The woman in the passenger seat says something to the effect of “Girlfriend, get in the car. It’s dangerous here.”

And so, I am saved by this lovely young pair. We sit in rush-hour traffic and they ask me lots of questions and I chatter in Portuguese, and I ask them lots of questions—the fellow lived in Aspen for six months and fazia esnowboarding—and an hour and a half later, when they drop me off at Praca Derby to catch my onibus home, I’ve made myself two new friends. I arrive home, and it is bright and dry, and Josie has made couscous and scrambled eggs and Viola has made pineapple cake, and I take a shower and everyone watches a movie, and actually, it is a fine day after all.

in training

I’m out for pizza with Josie, Viola, and another gal. We would like to order another round of caipirinhas. Our waitress, however, would prefer to stare at the wall and count the number of toothpicks in the toothpick jar. Arms are flailing and Josie cries, “oi, moça!” and still she continues to count toothpicks. A funny quip occurs to me, and in my excitement to share my witty observation, my words roll out in seventeen simultaneous syllables, none of which, based on the expressions I receive in return, are coherent Portuguese.

PFFFFF.

Word of the day: nor—knot. Minha lengua está dando nor. My tongue is giving knots.
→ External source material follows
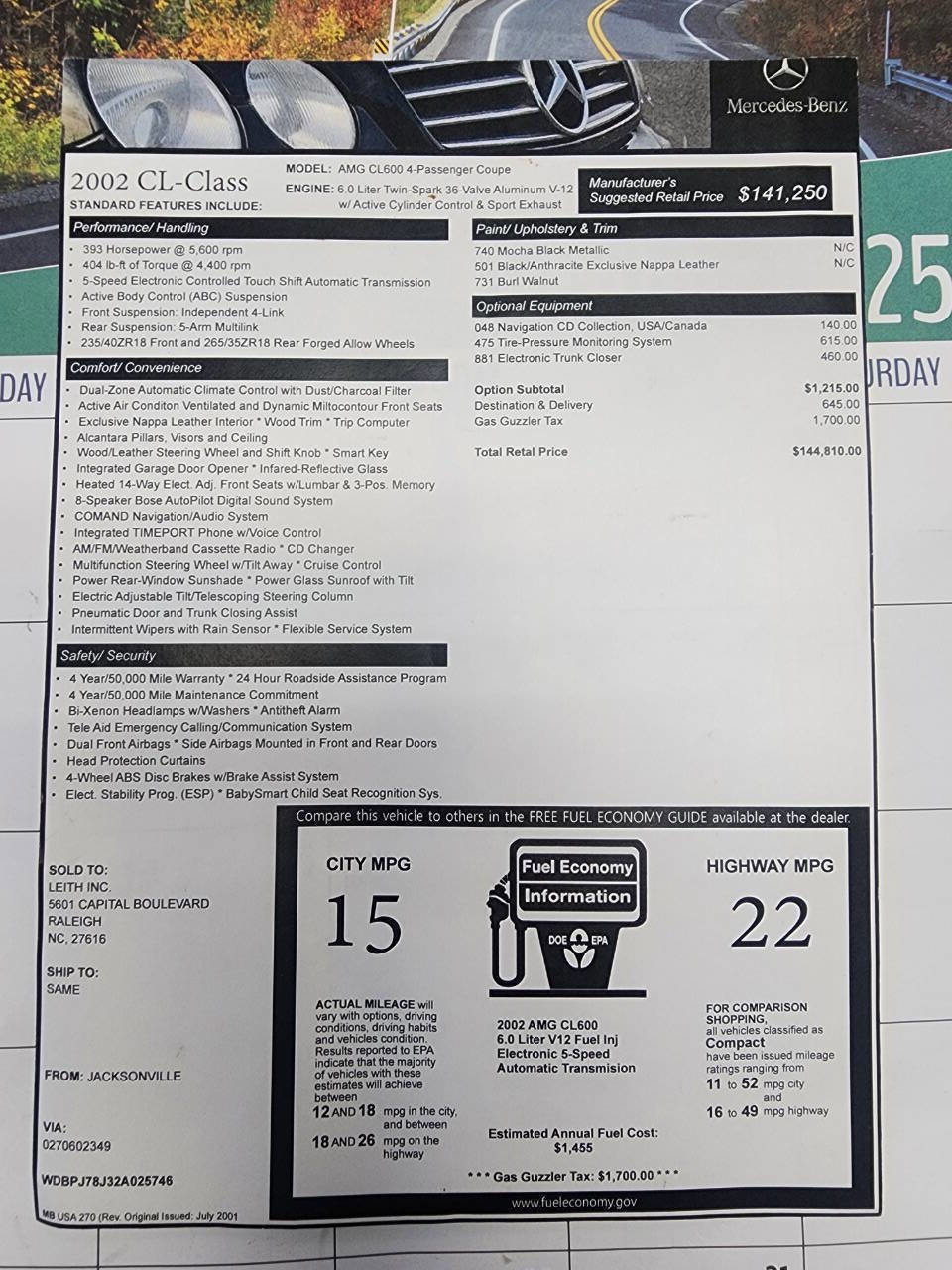 Used 2002 Mercedes-Benz CL 600 image 12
I keep forgetting that, even though I can conjugate verbs and write mini-essays about what I did last weekend or what I would do if I had a million dollars, even though I can understand songs and swear words and entire movies in Portuguese, I still, for the most part, speak like a toddler. And toddlers do not, for the most part, make sarcastic comments about indifferent waitresses.

On the other hand, I read the newspaper every day this week, which feels like an accomplishment. Though, actually, by ‘every day,’ I mean that I read a newspaper every day, though not necessarily that particular day’s newspaper, as it takes me three days to read one day’s worth of news. I read Friday’s newspaper all through the weekend, and then Monday’s until Wednesday, and I’m working my way through Thursday now. I consider it like any other endeavor: you have to train to get better. I’m hoping that by the end of my stay, I will be able to read the newspaper, cover-to-cover, within a single day’s news cycle.

Speaking of training, I have successfully completed my registration for the II Maratona Internacional Maurício de Nassau—the Marathon of Recife. On July 31, three days before I return to the U. S. of A., I will run 21 sweltering kilometers through downtown Recife, over rivers and between skyscrapers and along the beach. It is a hefty proposition, training for this thing, given that I’m not a member of a gym and that outside it’s generally either 90 degrees or raining, but I’m up for the challenge. 21 kilometers has a finish line, and I don’t have to say a word to cross it.